Il ne faut pas de grands discours, il faut des discours vrais.
De toute façon il y a un irréductible désir. Si vous prenez les
sociétés archaïques ou les sociétés traditionnelles, il n’y a pas un
irréductible désir, un désir tel qu’il est transformé par la socialisation. Ces
sociétés sont des sociétés de répétition. On dit par exemple : « Tu
prendras une femme dans tel clan ou dans telle famille. Tu auras une femme dans
ta vie. Si tu en as deux, ou deux hommes, ce sera en cachette, ce sera une
transgression. Tu auras un statut social, ce sera ça et pas autre chose. »
Or, aujourd’hui, il y a une libération dans tous les sens du terme par
rapport aux contraintes de la socialisation des individus. On est entré dans
une époque d’illimitation dans tous les domaines, et c’est en cela que nous
avons le désir d’infini. Cette libération est en un sens une grande conquête.
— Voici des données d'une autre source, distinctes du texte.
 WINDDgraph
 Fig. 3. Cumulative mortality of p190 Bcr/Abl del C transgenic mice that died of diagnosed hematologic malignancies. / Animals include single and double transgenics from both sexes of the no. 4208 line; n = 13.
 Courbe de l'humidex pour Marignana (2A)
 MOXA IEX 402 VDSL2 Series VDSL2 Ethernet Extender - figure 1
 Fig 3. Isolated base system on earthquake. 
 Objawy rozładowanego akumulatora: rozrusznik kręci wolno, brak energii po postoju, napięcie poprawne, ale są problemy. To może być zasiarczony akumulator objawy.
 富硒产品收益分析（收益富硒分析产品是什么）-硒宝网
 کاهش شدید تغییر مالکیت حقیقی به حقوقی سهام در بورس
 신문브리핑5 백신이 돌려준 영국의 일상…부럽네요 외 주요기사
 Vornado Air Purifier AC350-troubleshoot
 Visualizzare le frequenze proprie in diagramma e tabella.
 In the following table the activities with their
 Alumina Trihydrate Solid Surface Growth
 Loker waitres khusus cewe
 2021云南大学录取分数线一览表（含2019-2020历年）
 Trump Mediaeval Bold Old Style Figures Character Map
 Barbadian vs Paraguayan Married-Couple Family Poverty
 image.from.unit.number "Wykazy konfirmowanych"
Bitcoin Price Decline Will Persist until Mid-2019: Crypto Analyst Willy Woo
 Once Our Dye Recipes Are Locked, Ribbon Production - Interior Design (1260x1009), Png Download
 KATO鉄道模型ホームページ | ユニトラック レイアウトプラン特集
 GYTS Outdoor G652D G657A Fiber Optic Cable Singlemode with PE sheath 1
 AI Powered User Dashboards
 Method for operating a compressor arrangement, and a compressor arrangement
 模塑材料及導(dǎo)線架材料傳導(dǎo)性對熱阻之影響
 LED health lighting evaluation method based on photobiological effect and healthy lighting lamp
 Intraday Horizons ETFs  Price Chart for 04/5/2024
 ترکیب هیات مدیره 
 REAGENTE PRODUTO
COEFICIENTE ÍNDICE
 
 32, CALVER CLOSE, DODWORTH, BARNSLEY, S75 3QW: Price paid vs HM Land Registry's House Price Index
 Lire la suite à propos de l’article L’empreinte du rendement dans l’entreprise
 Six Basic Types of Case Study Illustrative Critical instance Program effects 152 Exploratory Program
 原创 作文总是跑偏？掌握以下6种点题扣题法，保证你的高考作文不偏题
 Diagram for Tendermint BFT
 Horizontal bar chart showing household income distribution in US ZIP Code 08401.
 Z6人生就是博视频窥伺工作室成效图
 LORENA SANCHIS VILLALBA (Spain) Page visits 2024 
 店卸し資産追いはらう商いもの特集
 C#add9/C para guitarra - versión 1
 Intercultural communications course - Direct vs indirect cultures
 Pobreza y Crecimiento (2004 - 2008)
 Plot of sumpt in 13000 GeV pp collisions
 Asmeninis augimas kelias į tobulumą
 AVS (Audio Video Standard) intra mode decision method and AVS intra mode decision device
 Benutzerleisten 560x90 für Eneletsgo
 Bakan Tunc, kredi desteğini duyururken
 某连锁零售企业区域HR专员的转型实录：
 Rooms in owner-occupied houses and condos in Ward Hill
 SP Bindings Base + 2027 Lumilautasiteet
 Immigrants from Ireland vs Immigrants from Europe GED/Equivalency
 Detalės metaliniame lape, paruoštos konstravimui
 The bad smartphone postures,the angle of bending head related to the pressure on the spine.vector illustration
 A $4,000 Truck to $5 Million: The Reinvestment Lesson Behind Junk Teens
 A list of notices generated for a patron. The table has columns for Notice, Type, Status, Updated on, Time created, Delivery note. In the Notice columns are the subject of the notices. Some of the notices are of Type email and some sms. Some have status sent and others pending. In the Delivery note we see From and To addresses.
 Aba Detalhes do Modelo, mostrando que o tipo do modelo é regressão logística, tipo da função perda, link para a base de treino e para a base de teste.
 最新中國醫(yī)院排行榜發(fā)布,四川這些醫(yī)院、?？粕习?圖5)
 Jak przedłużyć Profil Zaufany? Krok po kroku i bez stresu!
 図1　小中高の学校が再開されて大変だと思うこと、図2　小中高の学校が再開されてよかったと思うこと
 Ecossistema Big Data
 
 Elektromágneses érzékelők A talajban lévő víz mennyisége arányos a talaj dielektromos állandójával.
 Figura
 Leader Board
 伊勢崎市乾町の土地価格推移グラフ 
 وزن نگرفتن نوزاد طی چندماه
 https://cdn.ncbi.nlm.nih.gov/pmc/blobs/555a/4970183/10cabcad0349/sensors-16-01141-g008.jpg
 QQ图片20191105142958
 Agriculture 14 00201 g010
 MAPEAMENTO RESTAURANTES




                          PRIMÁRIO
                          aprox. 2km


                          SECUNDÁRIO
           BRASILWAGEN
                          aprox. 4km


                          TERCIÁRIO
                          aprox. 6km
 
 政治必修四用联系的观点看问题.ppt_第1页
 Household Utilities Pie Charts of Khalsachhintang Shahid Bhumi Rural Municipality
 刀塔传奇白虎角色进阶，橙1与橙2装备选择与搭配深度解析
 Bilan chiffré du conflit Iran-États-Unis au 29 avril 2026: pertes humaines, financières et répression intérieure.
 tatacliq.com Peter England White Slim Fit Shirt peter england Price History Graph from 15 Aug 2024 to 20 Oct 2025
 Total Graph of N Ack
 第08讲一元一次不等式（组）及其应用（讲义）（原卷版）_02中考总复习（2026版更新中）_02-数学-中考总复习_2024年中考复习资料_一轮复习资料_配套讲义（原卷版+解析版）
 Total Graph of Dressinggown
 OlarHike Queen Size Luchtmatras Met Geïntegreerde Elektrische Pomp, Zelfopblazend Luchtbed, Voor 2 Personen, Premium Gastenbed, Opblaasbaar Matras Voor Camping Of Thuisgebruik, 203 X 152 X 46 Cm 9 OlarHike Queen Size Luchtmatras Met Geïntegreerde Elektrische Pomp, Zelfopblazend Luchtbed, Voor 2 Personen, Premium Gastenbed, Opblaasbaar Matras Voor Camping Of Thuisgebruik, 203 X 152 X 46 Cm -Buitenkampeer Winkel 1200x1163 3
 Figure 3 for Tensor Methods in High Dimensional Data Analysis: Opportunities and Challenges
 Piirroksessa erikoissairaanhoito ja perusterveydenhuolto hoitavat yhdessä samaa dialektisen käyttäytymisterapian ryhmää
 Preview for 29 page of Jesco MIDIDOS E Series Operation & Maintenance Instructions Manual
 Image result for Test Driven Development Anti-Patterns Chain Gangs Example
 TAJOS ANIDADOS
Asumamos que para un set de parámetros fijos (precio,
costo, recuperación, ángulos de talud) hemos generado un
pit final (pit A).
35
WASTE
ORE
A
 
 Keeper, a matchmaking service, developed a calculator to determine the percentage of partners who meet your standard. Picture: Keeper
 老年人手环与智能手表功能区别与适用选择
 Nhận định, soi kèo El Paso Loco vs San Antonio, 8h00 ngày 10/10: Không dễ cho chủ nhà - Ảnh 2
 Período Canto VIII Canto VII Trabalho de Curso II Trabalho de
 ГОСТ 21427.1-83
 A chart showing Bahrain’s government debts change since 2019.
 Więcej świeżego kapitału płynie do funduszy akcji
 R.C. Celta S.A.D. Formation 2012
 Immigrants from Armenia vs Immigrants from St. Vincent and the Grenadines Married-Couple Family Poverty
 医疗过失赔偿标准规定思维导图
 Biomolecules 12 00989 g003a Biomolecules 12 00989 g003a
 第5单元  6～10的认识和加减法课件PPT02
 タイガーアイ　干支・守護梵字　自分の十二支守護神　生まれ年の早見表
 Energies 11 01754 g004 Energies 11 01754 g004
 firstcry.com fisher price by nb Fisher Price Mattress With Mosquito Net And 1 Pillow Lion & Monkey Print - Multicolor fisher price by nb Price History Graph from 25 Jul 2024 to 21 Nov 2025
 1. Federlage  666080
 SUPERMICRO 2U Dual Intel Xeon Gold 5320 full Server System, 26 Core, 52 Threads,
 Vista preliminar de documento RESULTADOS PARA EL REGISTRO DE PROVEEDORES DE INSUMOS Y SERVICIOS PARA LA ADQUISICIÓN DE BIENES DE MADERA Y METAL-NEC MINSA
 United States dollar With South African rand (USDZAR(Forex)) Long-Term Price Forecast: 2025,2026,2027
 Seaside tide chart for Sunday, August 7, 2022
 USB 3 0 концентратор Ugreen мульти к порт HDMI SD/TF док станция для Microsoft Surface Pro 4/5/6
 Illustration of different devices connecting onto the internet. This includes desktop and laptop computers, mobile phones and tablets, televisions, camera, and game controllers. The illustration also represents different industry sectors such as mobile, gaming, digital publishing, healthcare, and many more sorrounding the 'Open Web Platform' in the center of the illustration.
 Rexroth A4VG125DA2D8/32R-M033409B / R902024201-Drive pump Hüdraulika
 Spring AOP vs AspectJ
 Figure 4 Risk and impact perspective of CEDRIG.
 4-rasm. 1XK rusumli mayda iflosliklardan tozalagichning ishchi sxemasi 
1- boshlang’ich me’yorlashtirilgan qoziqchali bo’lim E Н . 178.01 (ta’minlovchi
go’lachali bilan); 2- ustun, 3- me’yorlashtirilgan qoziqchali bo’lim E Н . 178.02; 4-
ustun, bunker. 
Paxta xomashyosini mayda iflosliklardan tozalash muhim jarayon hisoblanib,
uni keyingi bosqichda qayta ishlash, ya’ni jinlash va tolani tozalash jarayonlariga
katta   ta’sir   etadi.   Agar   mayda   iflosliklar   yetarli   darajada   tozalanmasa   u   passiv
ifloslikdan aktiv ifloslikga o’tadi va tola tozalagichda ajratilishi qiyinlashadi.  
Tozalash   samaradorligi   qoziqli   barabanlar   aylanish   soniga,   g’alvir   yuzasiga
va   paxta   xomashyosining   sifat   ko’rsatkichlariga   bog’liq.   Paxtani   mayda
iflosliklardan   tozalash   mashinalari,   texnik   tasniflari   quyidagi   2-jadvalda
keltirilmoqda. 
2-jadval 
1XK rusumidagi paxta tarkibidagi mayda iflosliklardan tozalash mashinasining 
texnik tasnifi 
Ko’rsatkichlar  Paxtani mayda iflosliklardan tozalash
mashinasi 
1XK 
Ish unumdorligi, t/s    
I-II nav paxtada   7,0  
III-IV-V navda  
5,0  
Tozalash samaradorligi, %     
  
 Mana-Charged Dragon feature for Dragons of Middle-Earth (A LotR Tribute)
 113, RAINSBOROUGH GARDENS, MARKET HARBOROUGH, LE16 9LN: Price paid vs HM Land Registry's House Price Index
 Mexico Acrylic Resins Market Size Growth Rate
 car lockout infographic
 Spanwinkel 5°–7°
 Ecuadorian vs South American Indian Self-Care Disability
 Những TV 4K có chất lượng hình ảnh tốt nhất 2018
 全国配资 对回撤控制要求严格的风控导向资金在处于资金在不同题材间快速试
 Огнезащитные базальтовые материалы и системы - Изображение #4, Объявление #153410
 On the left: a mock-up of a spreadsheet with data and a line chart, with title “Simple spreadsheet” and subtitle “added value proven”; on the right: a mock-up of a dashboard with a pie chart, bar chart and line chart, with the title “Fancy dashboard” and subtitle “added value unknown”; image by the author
Il n’est pas question de revenir aux sociétés de répétition. Mais il faut aussi
– et c’est un très grand thème – apprendre à s’autolimiter, individuellement et
collectivement. La société capitaliste est une société qui court à l’abîme, à
tous points de vue, car elle ne sait pas s’autolimiter. Et une société vraiment
libre, une société autonome, doit savoir s’autolimiter, savoir qu’il y a des
choses qu’on ne peut pas faire ou qu’il ne faut même pas essayer de faire ou
qu’il ne faut pas désirer.
Nous vivons sur cette planète que nous sommes en train de détruire, et
quand je prononce cette phrase je songe aux merveilles, je pense à la mer Egée,
je pense aux montagnes enneigées, je pense à la vue du Pacifique depuis un coin
d’Australie, je pense à Bali, aux Indes, à la campagne française qu’on est en
train de désertifier. Autant de merveilles en voie de démolition. Je pense que nous
devrions être les jardiniers de cette planète. Il faudrait la cultiver. La
cultiver comme elle est et pour elle-même. Et trouver notre vie, notre place
relativement à cela. Voilà une énorme tâche. Et cela pourrait absorber une
grande partie des loisirs des gens, libérés d’un travail stupide, productif,
répétitif, etc. Or cela est très loin non seulement du système actuel mais de
l’imagination dominante actuelle. L’imaginaire de notre époque, c’est celui de
l’expansion illimitée, c’est l’accumulation de la camelote – une télé dans
chaque chambre, un micro-ordinateur dans chaque chambre -, c’est cela
qu’il faut détruire. Le système s’appuie sur cet imaginaire- là.
La liberté, c’est très difficile. Parce qu’il est très facile de se
laisser aller. L’homme est un animal paresseux. Il y a une phrase merveilleuse
de Thucydide : « Il faut choisir : se reposer ou être
libre. » Et Périclès dit aux Athéniens : « Si vous voulez être
libres, il faut travailler. » Vous ne pouvez pas vous reposer. Vous ne
pouvez pas vous asseoir devant la télé. Vous n’êtes pas libres quand vous êtes
devant la télé. Vous croyez être libres en zappant comme un imbécile, vous
n’êtes pas libres, c’est une fausse liberté. La liberté, c’est l’activité. Et
la liberté, c’est une activité qui en même temps s’autolimite, c’est- à-dire
sait qu’elle peut tout faire mais qu’elle ne doit pas tout faire. C’est cela le
grand problème de la démocratie et de l’individualisme.
(1) Savoir théoriquement fondé, science.